Excerpted data

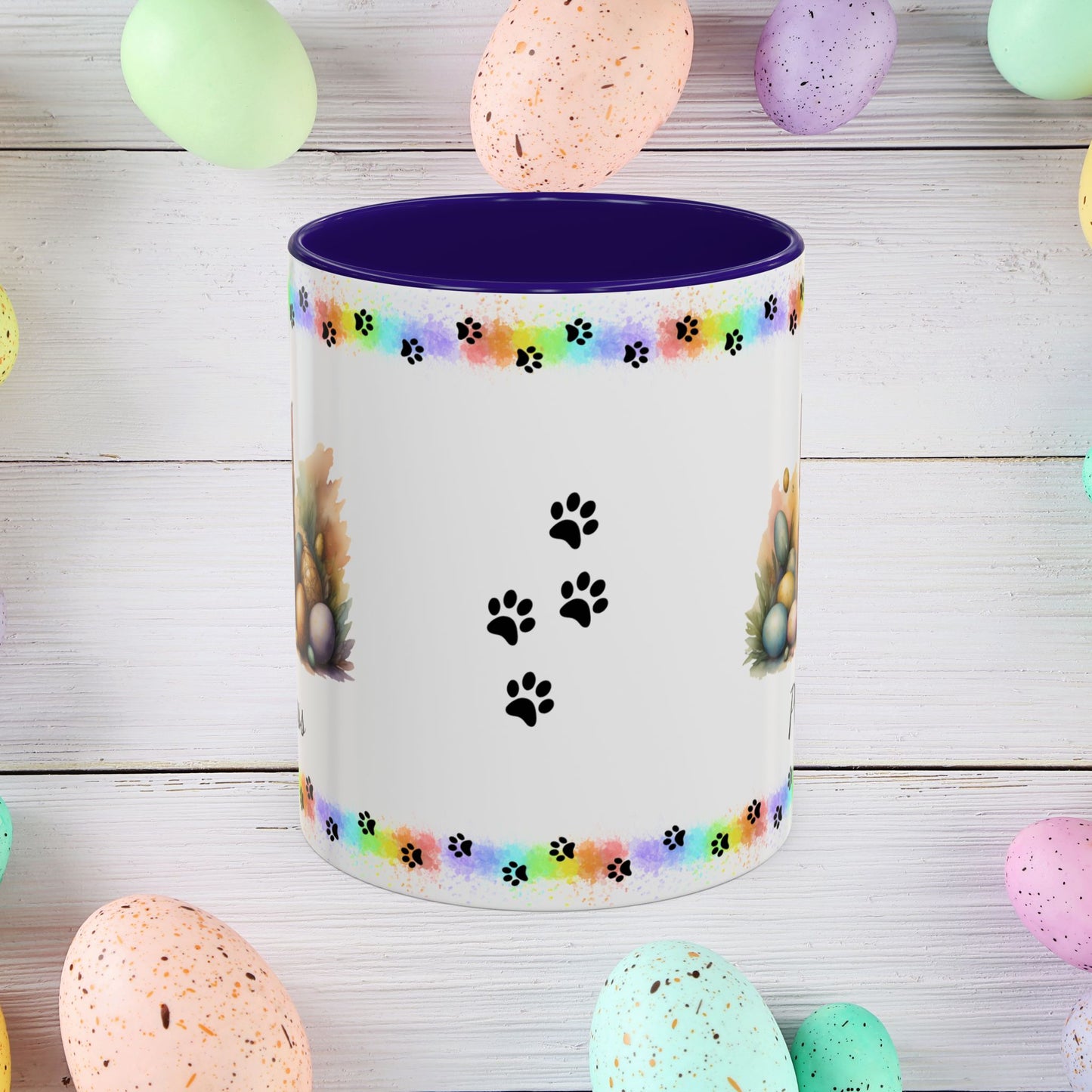 Bobtail cute kitten Easter coffee mug, personalized gift for cat lovers, mental health awareness and home use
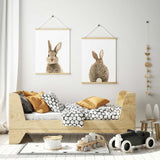 toddler room decor featuring rabbit prints.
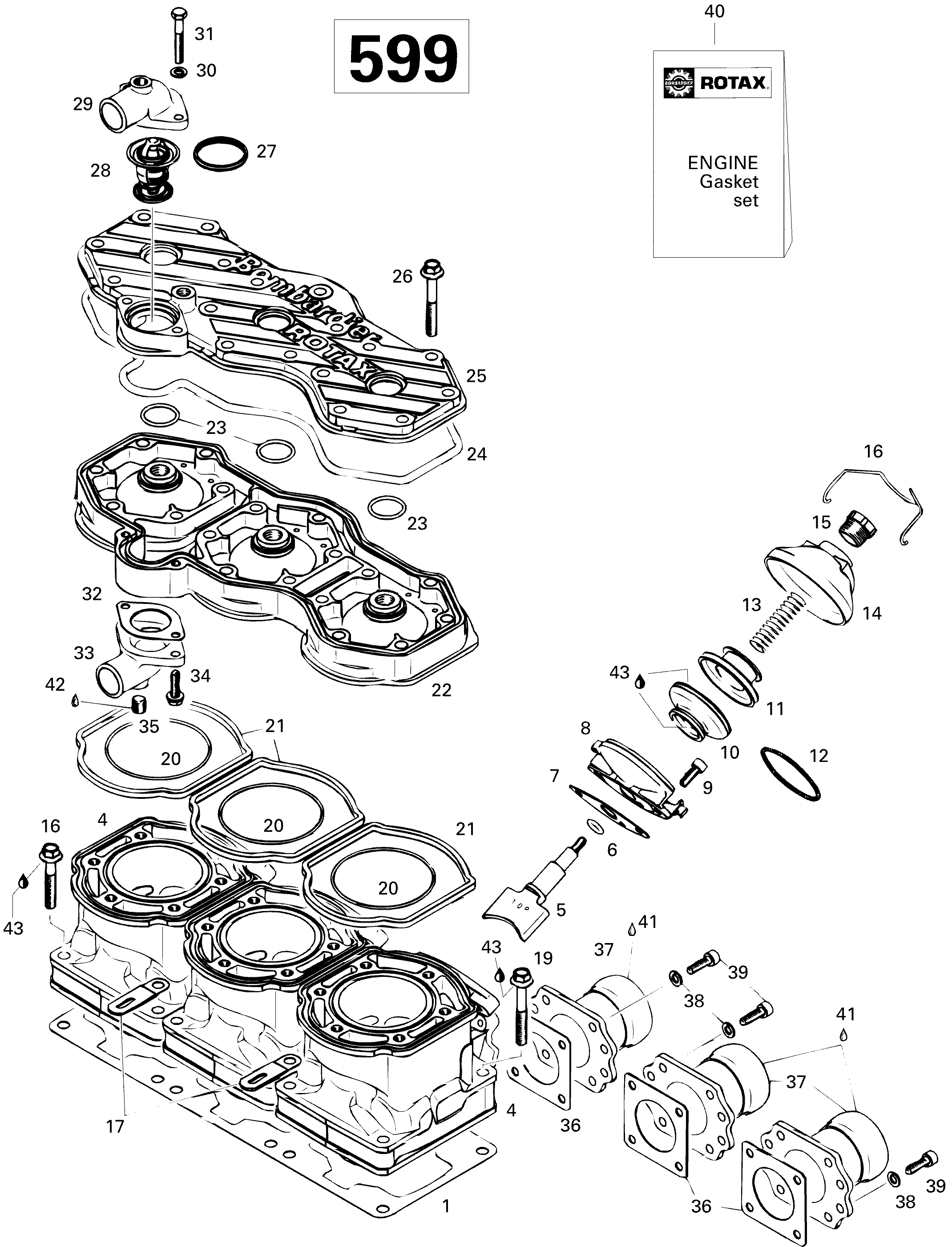 Cylinder And Exhaust Manifold 599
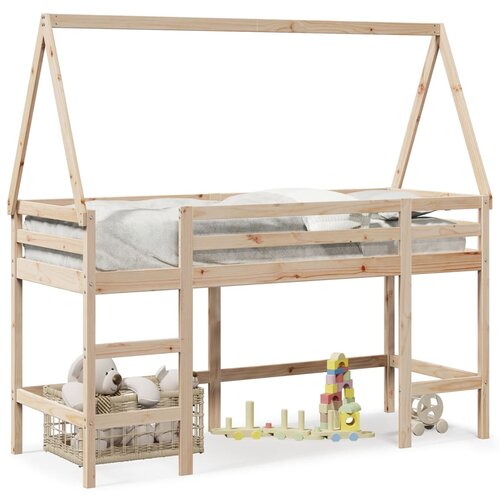 VidaXL Krevet na kat s ljestvama i krovom 90x200 cm od borovine Slike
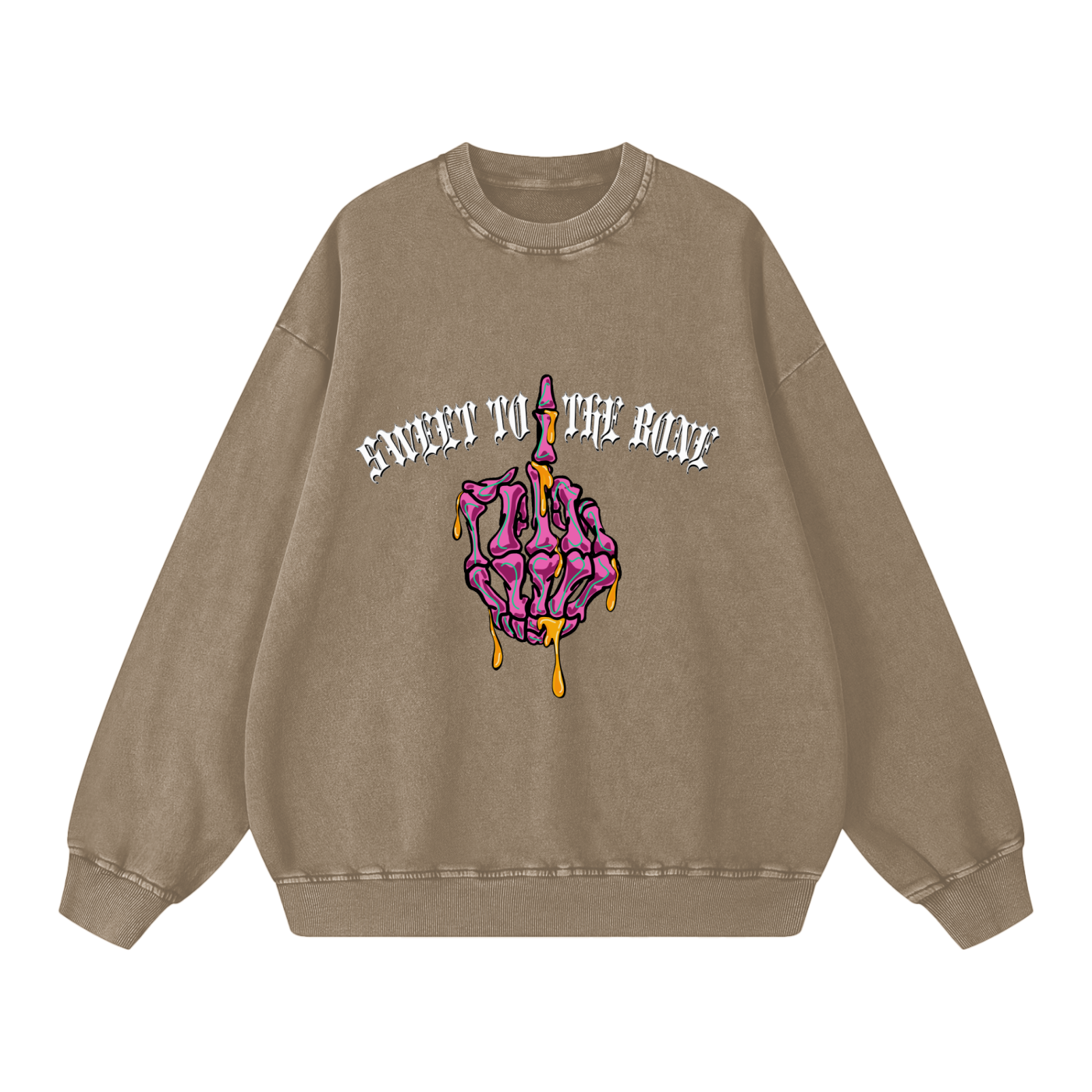 ‘Sweet to the bone’ Acid Wash Oversize Sweatshirt - 360 GSM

Exercise goal
Give back the full listing exactly as written, only without its pictures.

Reply
 Bobtail cute kitten Easter coffee mug, personalized gift for cat lovers, mental health awareness and home use
 toddler room decor featuring rabbit prints.
 Cylinder And Exhaust Manifold 599
 VidaXL Krevet na kat s ljestvama i krovom 90x200 cm od borovine Slike
 ‘Sweet to the bone’ Acid Wash Oversize Sweatshirt - 360 GSM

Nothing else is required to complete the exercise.